With one of the sweetest voices you’ll hear this year, Kersha Bailey has been getting some attention on the UK underground scene for a while now. Backed up by the band Groove Control, the 21 year-old singer/songwriter and self-taught guitarist is definitely destined to go far. The sound of the group could be described as raw and organic with ‘pure vibes’ and together they are one of the most exciting acts in the UK right now. In her own words Kersha talks to Flavour about where she’s coming from where she going.

‘I come from a musical family. My grandmother had brothers who played in a jazz band. My granddad had a sister who was a singer. My mum, Dee Bailey was an underground singer in the 80’s and was signed to Warner Bros. She went by the name Leniece and was featured in the Voice and Blues and Soul, but internal differences meant the group fell apart. My mum saw my talent from an early age. At school I joined the choir and she could see something in me from there – she used to help me out with my harmonies and we would practice them at home.

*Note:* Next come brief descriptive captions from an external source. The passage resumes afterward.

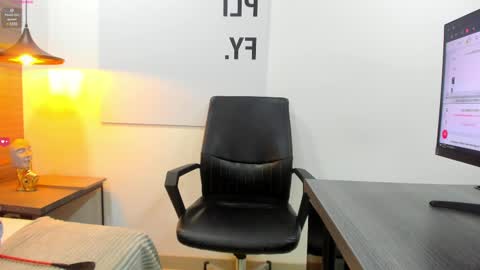 Snapshot of blue_anngel chatting on March 2, 4:58 pm blue_anngel online show from March 2, 4:58 pm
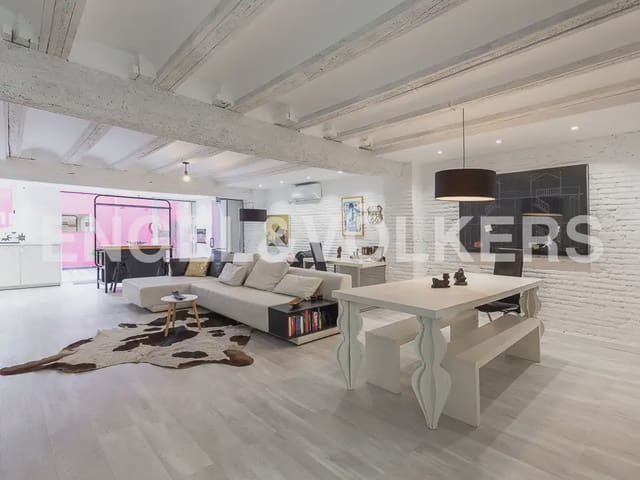 Appartement de 2 chambres à louer à Tres Forques, Valence ville - 1 800 € (Ref: 9897670)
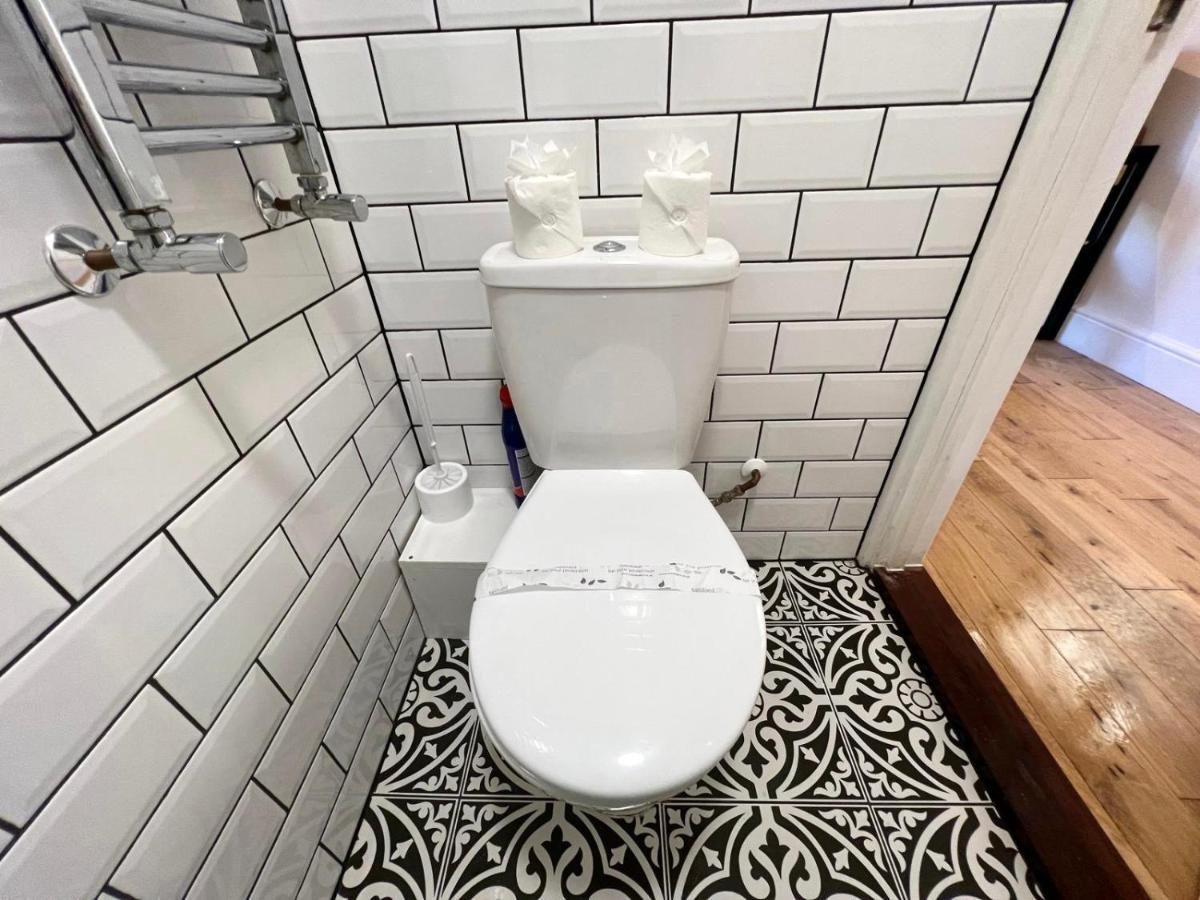 Flat 4, 10 St John'S Apartment บอร์นมัธ ภายนอก รูปภาพ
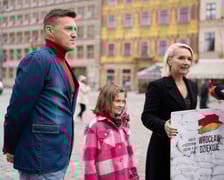 <p>Mariusz Dziubek, ośmioletnia Matylda, kt&oacute;ra wystąpi podczas koncertu 4 października w rynku i Agata Dzikowska&nbsp;</p>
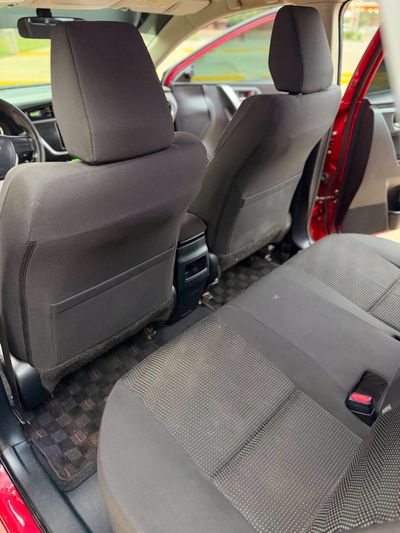 Toyota Auris miniatura 10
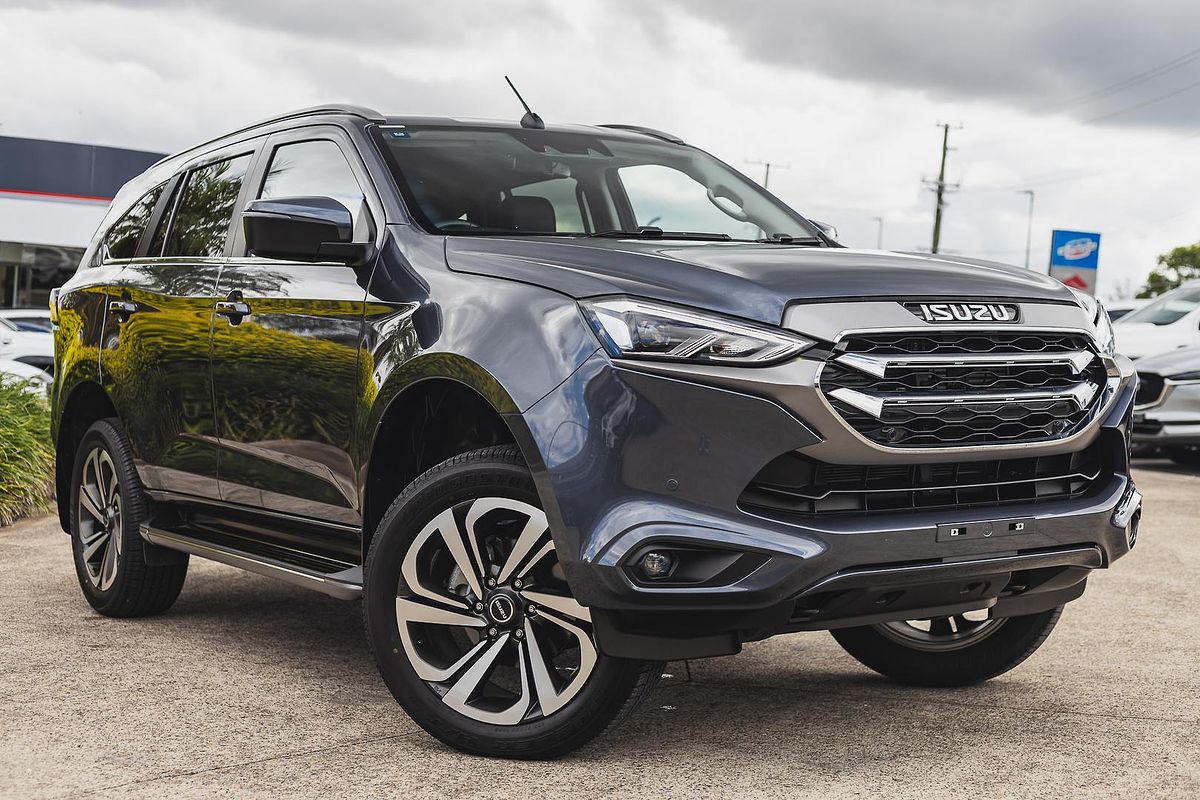 2022 Isuzu MU-X LS-T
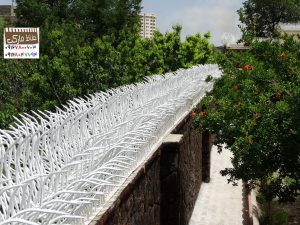 حصار آهنی بالای دیوار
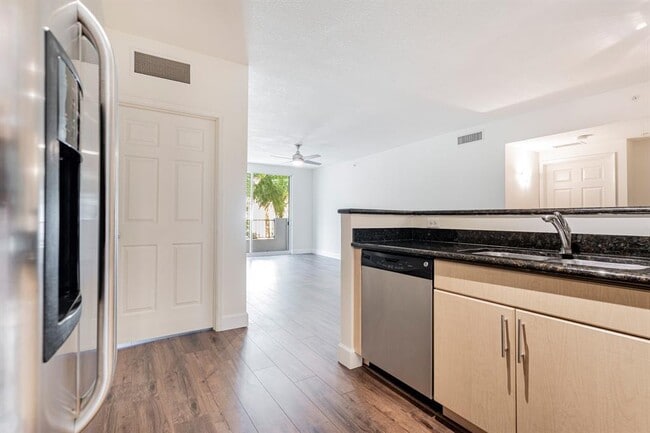 Building Photo - 2421 NE 65th St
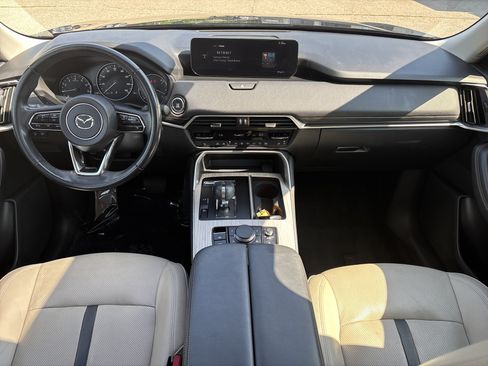 Used 2024 MAZDA CX-90 3.3 Turbo w/ Preferred Plus AWD/4WD image 17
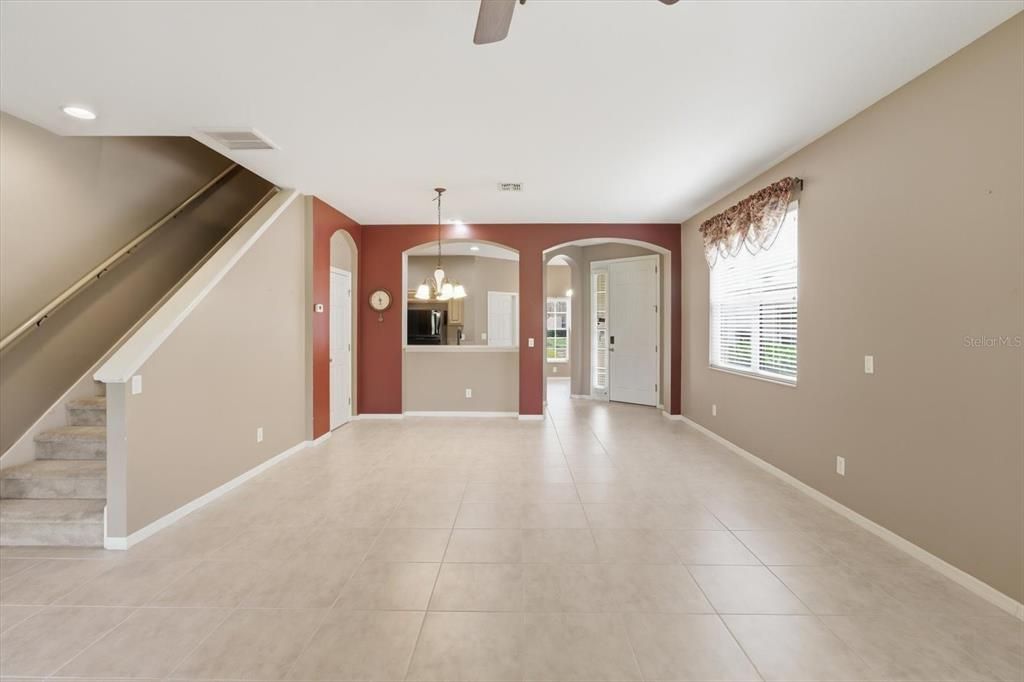 For Sale: $214,900 (3 beds, 2 baths, 1655 Square Feet)
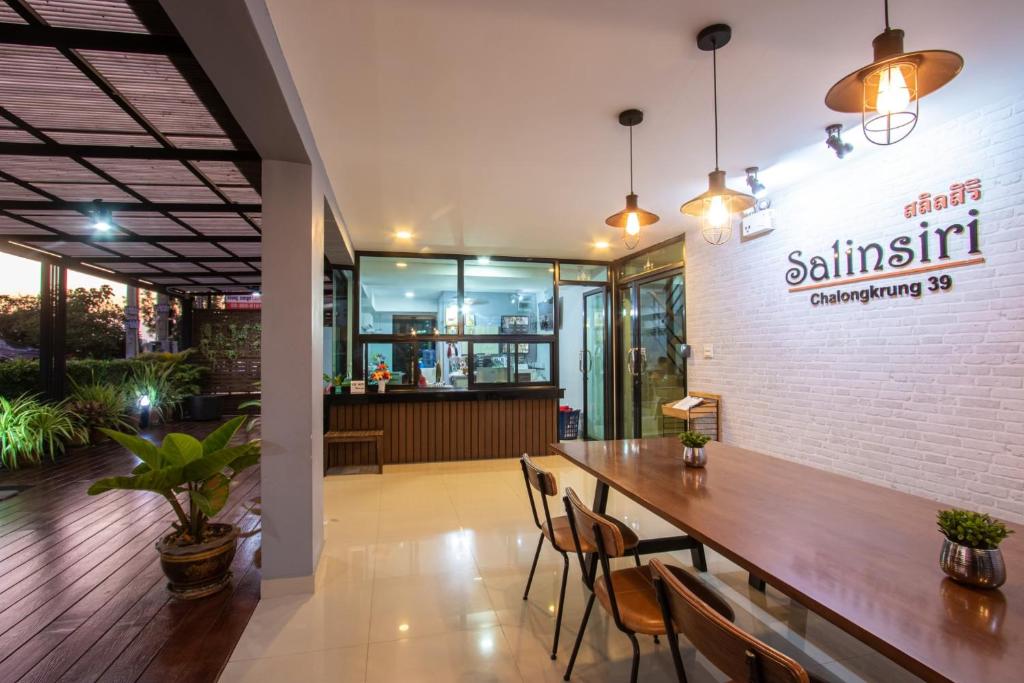 Restaurace v ubytování Salinsiri at Lat Krabang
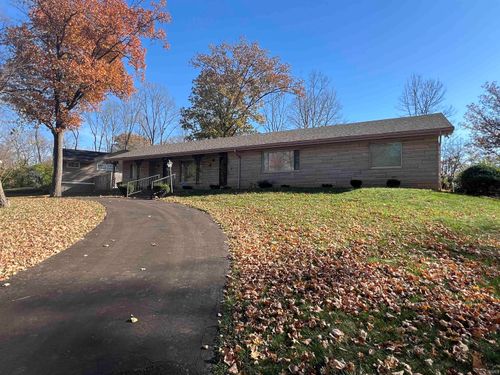 611 Black Rd, New Castle, IN, 47362-5202 | Card Image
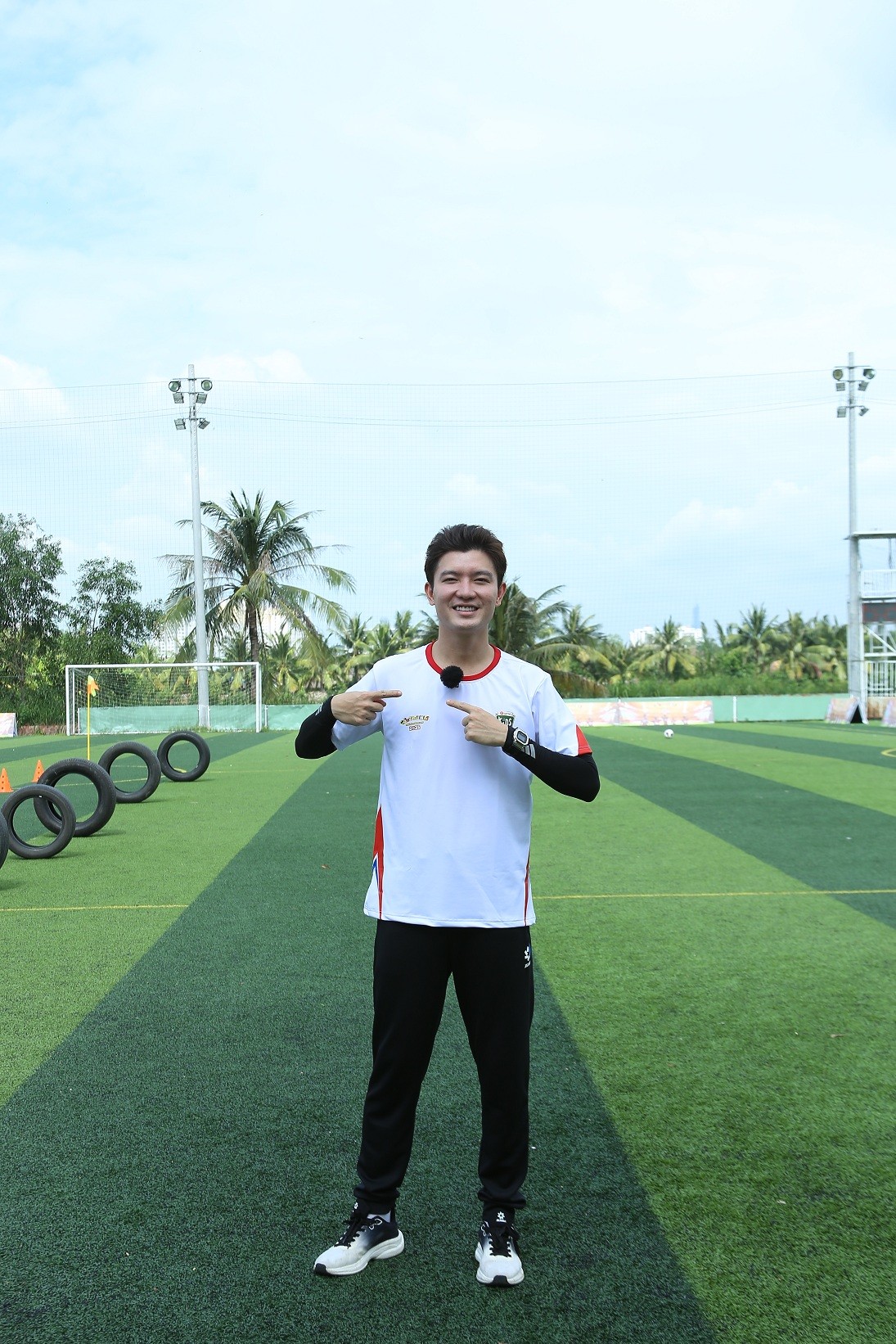 Diễn viên phim 'Gia đình là số 1' là khách mời tập 4 'Cầu thủ nhí 2025'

When I went to secondary school I did things on the side in terms of music, like singing back-up for friends, but I never fully focused on music. Then I went to a drama school called Mount View. But there I studied acting more than music. I didn’t enjoy the acting though so I stopped at 17.
Then I went to college and did music. People were against it, but I’m very head-strong and I was like ‘I’m gonna do this no matter what’. It was at college that I met Inflow, a producer.

In my second year of college we were given an assignment in which we had to learn jazz pieces i.e. work by the likes of Frank Sinatra etc. I heard Autumn Leaves by Eva Cassidy and I wanted to make it into my own. I decided to remake it completely with my own tune on my guitar. So m first performance with my guitar was actually at college.

But then boyfriends got in the way….I was going out with this guy who was a bit of a ‘thug’ and I just abandoned singing and the guitar completely. I only did backing vocals here and there but never anything for myself. In the end, he cheated and we broke up which is how my single Ain’t Gonna Waste My Time came about. I think that whole experience reminded me not to take advantage of my goals.

I was originally a backing singer/vocalist for the band Groove Control. There was a rapper who was also a member, but he wanted to do his own thing so the guys asked me to be their singer. We went through many line-ups and had many names (The K Bailey Band, Truth), but now we’re KBGC. We’ve been together 2 years and we’ve only just taken off and started getting some proper attention. Yeah we’ve been through many changes, but we’re settled now.

I came second in the 291 Competition. That was a challenge as I had to use another band, but luckily the drummer used to play for my mum!

I’ve performed at the Jazz Cafe, Rise Festival, Hackney Empire, Shoreditch Carnival, The Royal Albert Hall and for MPs in Covent Garden. I’ve also performed at after parties for MTV Base, and I’ve been featured in the Tottenham Journal, The Voice, The Hackney Gazette, and Time Out.
I’m inspired by my mum of course, but also by artists such as Kim Burrell (I love her ad-libs), and I love George Benson – the way he sings with his guitar is amazing. Also Prince, Jazmine Sullivan, Pink (her attitude), Jill Scott – more her delivery and what she sings about. I love Tawiah, Eska, Coldplay, Foo Fighters and Dorinda Clark too. I’m also inspired by my fellow musicians – guitarists Femi Temowo and Michael Kiwanuka (he plays in our band) and bass guitarists such as Alex Bonfanti and Meshell Ndegeocello.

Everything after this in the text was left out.